§ **Listed records**
[Start of Attachment]
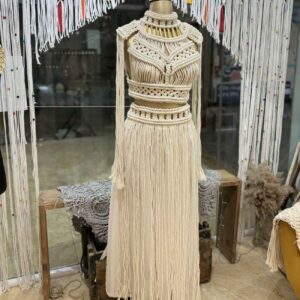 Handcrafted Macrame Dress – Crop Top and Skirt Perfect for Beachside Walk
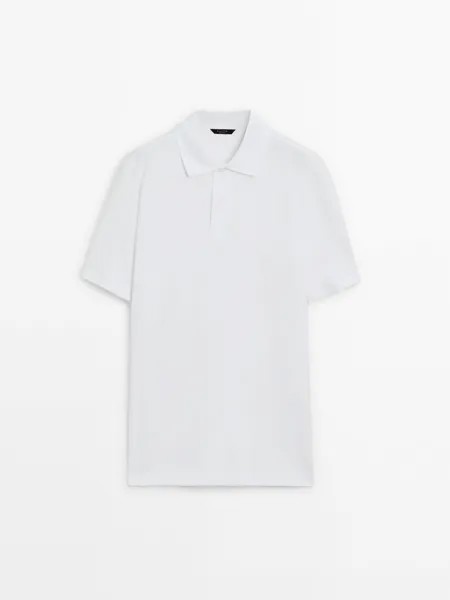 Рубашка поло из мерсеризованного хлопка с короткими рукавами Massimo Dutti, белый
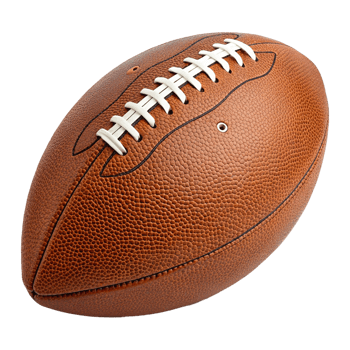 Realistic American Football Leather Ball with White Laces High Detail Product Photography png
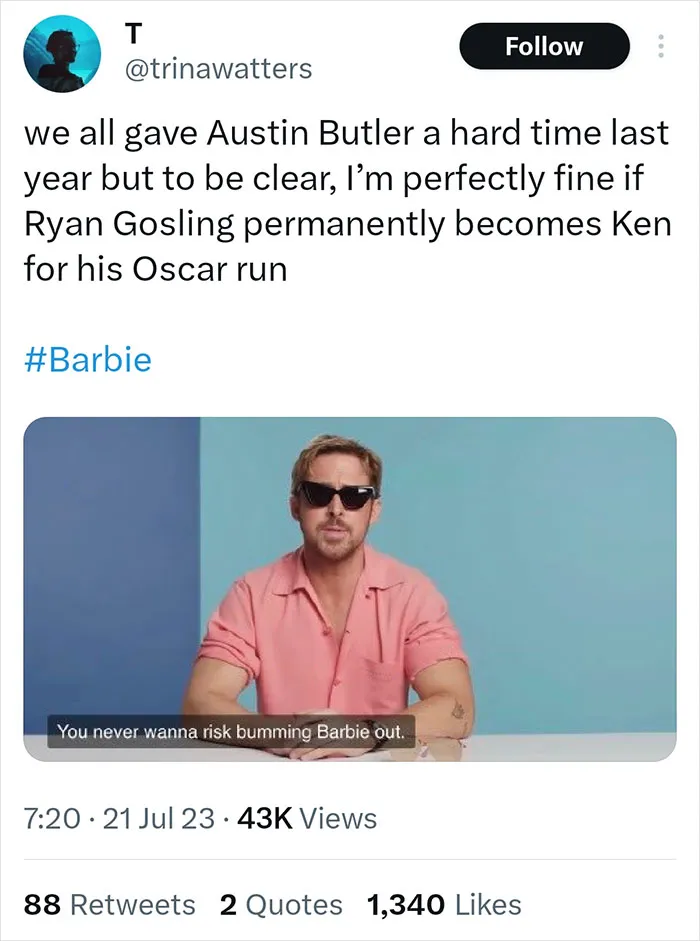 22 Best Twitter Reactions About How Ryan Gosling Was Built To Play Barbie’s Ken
[End of Attachment]
[Start of Attachment]
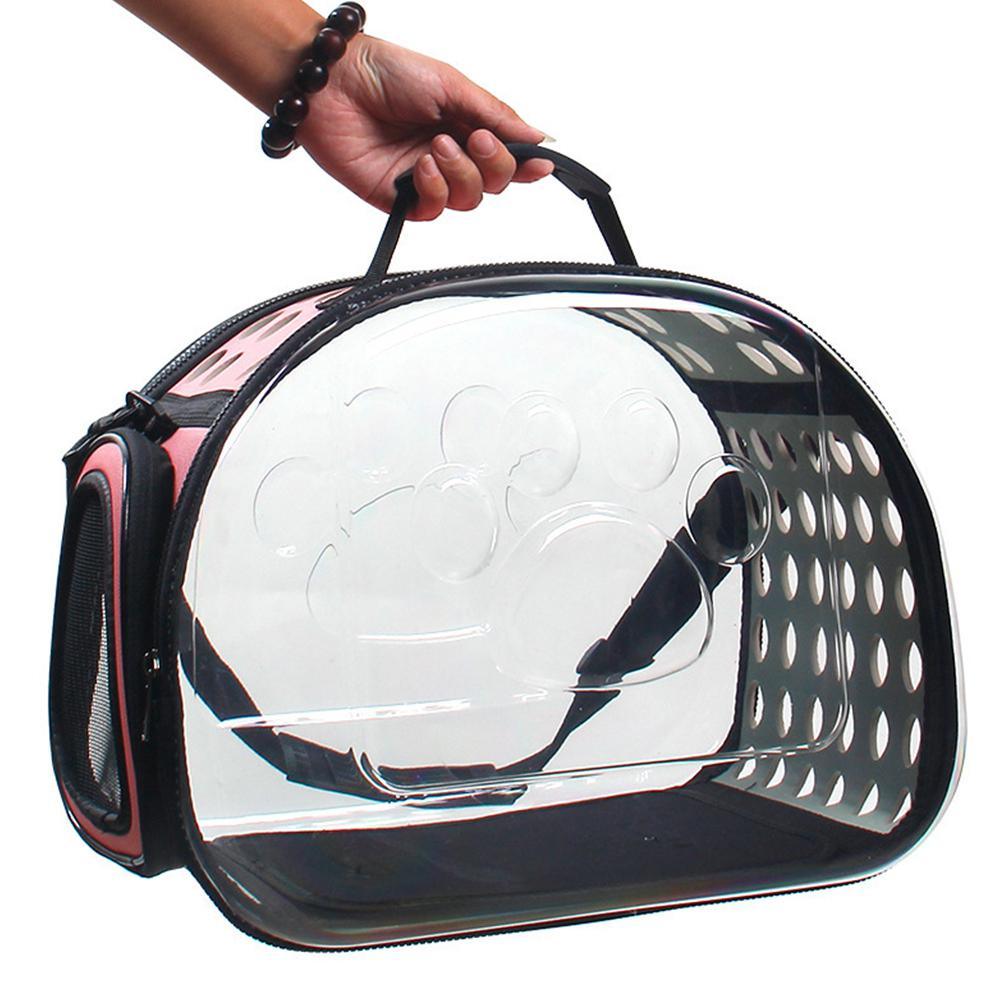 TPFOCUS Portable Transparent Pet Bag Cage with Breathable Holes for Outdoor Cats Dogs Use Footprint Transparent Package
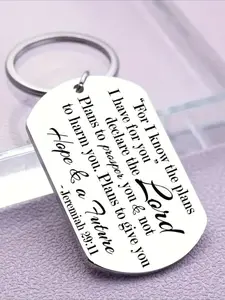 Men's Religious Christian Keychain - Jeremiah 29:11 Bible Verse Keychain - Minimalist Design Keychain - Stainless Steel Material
[End of Attachment]
§ **What to do**
Print the line above containing "Realistic American Football", the line containing "22 Best Twitter", and everything between them, exactly as written. Pictures stay out.

§ **Result**
 Realistic American Football Leather Ball with White Laces High Detail Product Photography png
 22 Best Twitter Reactions About How Ryan Gosling Was Built To Play Barbie’s Ken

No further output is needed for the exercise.